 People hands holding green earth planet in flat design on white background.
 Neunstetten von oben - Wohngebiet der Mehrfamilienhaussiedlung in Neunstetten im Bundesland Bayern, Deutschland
---
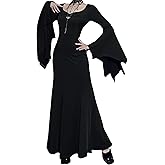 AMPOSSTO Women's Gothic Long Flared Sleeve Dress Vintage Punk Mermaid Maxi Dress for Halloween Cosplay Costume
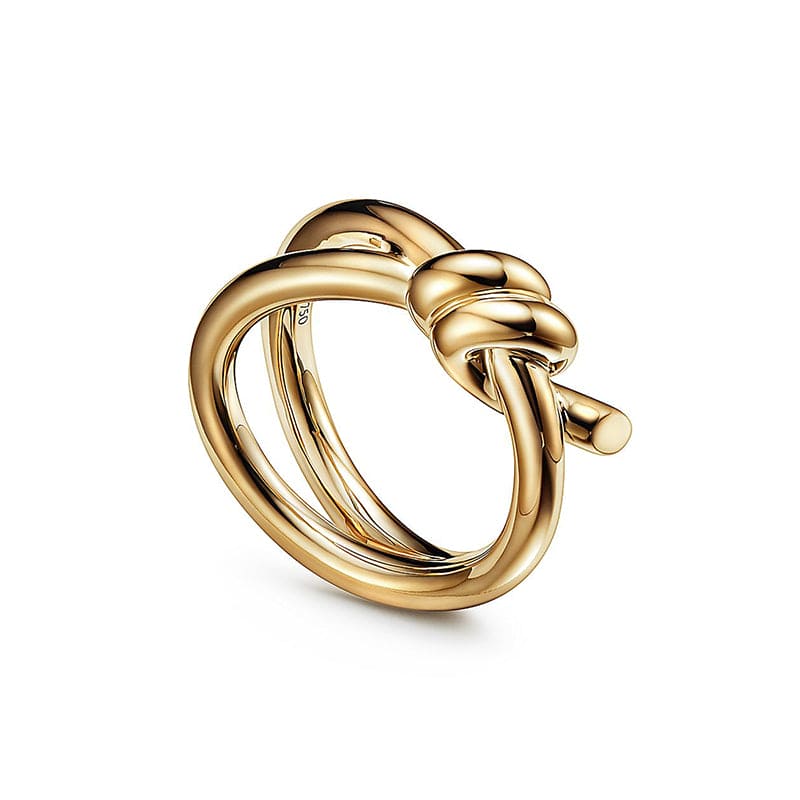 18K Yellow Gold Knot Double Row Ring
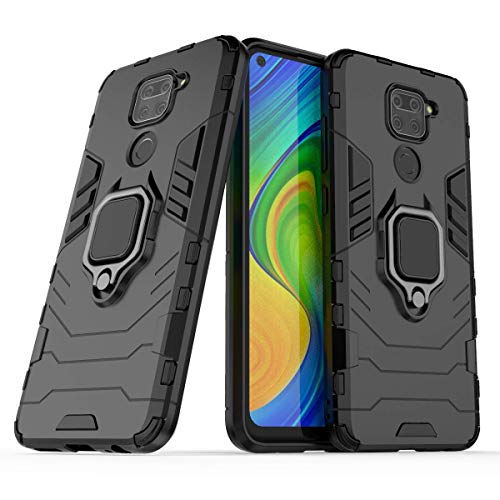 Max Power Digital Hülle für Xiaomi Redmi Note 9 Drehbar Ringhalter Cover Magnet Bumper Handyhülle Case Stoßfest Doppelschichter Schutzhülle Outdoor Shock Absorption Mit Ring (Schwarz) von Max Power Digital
---
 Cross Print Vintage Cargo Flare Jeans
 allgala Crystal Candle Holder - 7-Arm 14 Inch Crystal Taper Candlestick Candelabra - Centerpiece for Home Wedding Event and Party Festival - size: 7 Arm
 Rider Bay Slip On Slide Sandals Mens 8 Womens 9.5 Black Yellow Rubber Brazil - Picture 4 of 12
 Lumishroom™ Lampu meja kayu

**Exercise goal**.
Beginning with the line above that contains "Rider Bay Slip", copy each line exactly up to and including the line that contains "Lumishroom™ Lampu meja kayu", and go no further.

**Expected output**.
 Rider Bay Slip On Slide Sandals Mens 8 Womens 9.5 Black Yellow Rubber Brazil - Picture 4 of 12
 Lumishroom™ Lampu meja kayu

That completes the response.